Feita esta introdução podemos partir para uma interpretação dos números (sim, porque um número por si nada vale). De um ponto de vista estritamente económico percebemos que dar dinheiro a Manoel de Oliveira ou a António Pedro Vasconcelos tem um resultado em tudo semelhante, com a pequena diferença que um tem o grosso dos seus espectadores no estrangeiro e outro tem-nos dentro de portas. Então, financiar Call Girl (2007) ou Um Filme Falado é igual? A resposta é obviamente negativa. A longo prazo percebemos que o cinema de Oliveira vai aumentando o número de espectadores, em reposições, retrospectivas, sessões especiais, enquanto que APV não tem esse privilégio (pelo menos por enquanto, apesar desta homenagem em Israel). Assim, falando economês fluente, o retorno de um filme de Manoel de Oliveira é potencialmente maior (a longo prazo) que qualquer outro realizador nacional.
Então não deve o estado apoiar obras como as de APV? Pois, a isso parece responder a nova lei do cinema. Se por um lado o orçamento do ICA aumentou, temos por outro lado que se incentivou os privados a investirem em obras nacionais. Assim sendo, talvez não faça sentido que um filme com uma receita bruta de 1.5 milhões de euros (como foi O Crime do Padre Amaro) seja financiado (ou co-financiado) pelos dinheiros do dito instituto, pois, certamente haverá privados disposto a correr o risco de investir num filme como esse. Mas não sejamos ingénuos, a esses 1.5 milhões temos que descontar o IVA, a percentagem da exibidora e da distribuidora e ainda da publicidade, sendo o lucro muito estreito se considerarmos que o orçamento de um filme destes estará sempre a cima do milhão. Para tentar responder a este estado de coisas, criou-se em 2007 o Fica (Fundo de Investimento para o Cinema e Audiovisual), um fundo onde as várias televisões privadas e a RTP colocavam dinheiro, junto com o QREN e apoios europeus. Este fundo era gerido por uma administração independente e deveria gerir estes dinheiros de forma a que se produzissem obras com intuito de retorno (ao contrário do ICA em que o financiamento é feito a fundo perdido). A questão é que a gestão foi incapaz e os filmes produzidos não serviram para o desejado. Por exemplo, o investimento que a TVI fez no fundo foi muito inferior ao orçamento que retirou dele para produzir a série Equador.

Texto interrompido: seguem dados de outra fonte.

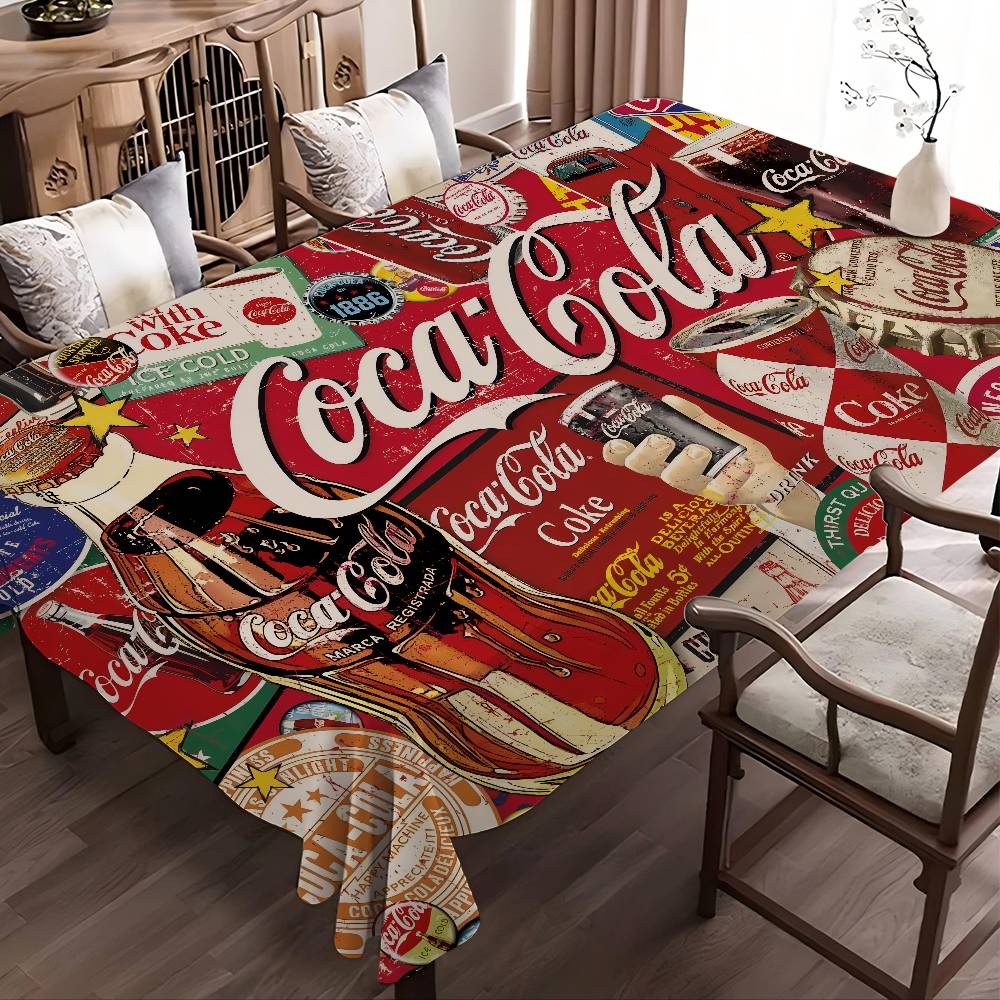 C-COCA Logo C-COLAS Rectangle  - Home Textiles Logo ulasan dan harga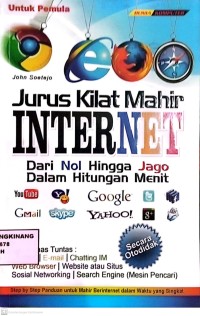Image of Jurus kilat mahir internet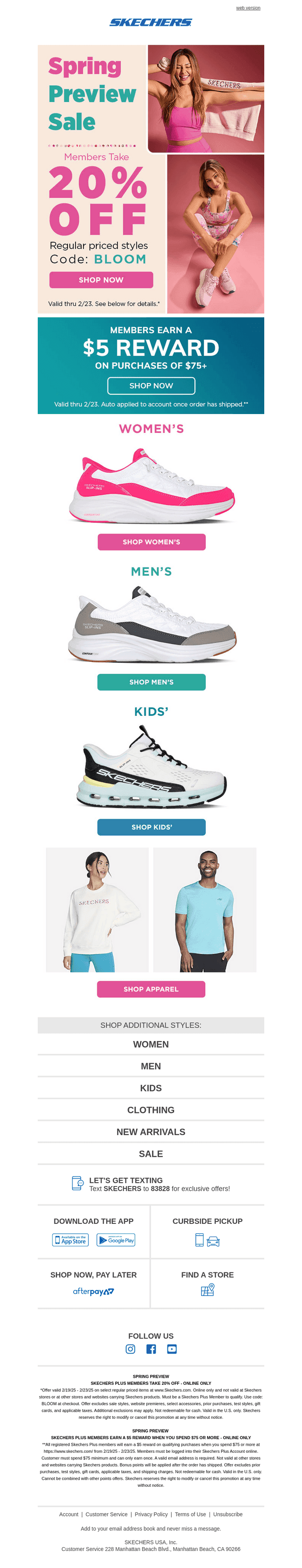 Get a Head Start on Spring Savings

Por outro lado parece que os dois novos sucessos de bilheteira do cinema português são filmes que devolverão um retorno significativo aos seus produtores. Percebemos que o que há a apreender é: o que torna um filme lucrativo, mais do que a sua qualidade é a forma como se pode criar um culto (tanto das margens, como com Balas & Bolinhos, como do centro, com Morangos com Açucar) e por outro lado a forma como o financiamento é feito [usando o sistema produtivo de uma televisão ou recorrendo a apoios de empresas locais e muita carolice, ou ainda reduzindo ao mínimo os custos de produção e trabalhando de graça, caso de Estrada de Palha (2012)]. De qualquer forma, não será nunca pela construção de uma industria lucrativa o suficiente que conseguiremos financiar o cinema de autor (entrevista de Nicolau Breyner), ainda para mais porque é o próprio Nicolau Breyner a afirmar na mesma entrevista que o cinema português só será lucrativo se o exportarmos e como já percebemos, o cinema de autor é o único verdadeiramente exportável. Quem fora de Portugal terá visto A Teia de Gelo (2012)? A resposta não a conheço, mas por cá foram pouco mais de 5 mil pessoas.

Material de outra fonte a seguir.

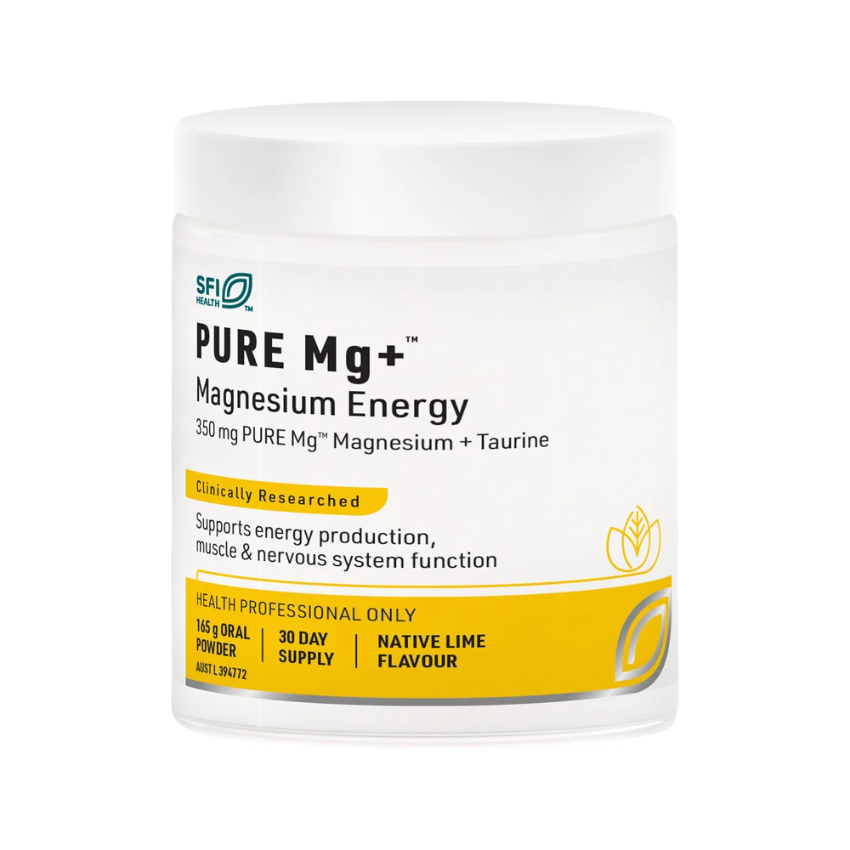 Sfi Health Pure Mg Magnesium Energy 165g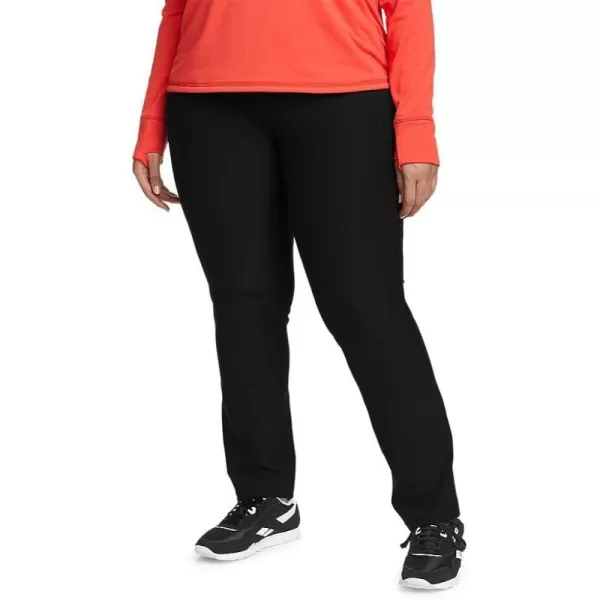 imageEddie Bauer Womens Trail Tight Pants  High RisePlus Size Black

Deveria referir (mas já me alonguei demasiado) ainda a forma como se processa a distribuição no nosso país (facto não despiciendo nos resultados de bilheteira) e do custo que uma cópia em película acresce ao orçamento do distribuidor. A este respeito deixo apenas dois caso: Filme do Desassossego (2010) que com apenas uma cópia e com 145 exibições conseguiu mais de 28 mil espectadores ou o caso de Deste Lado da Ressureição (2012) último filme de Joaquim Sapinho cujo produtor Pedro Fernandes Duarte afirmou ao Libération: Nous n’avons pas, pour l’instant, les moyens de financer les copies.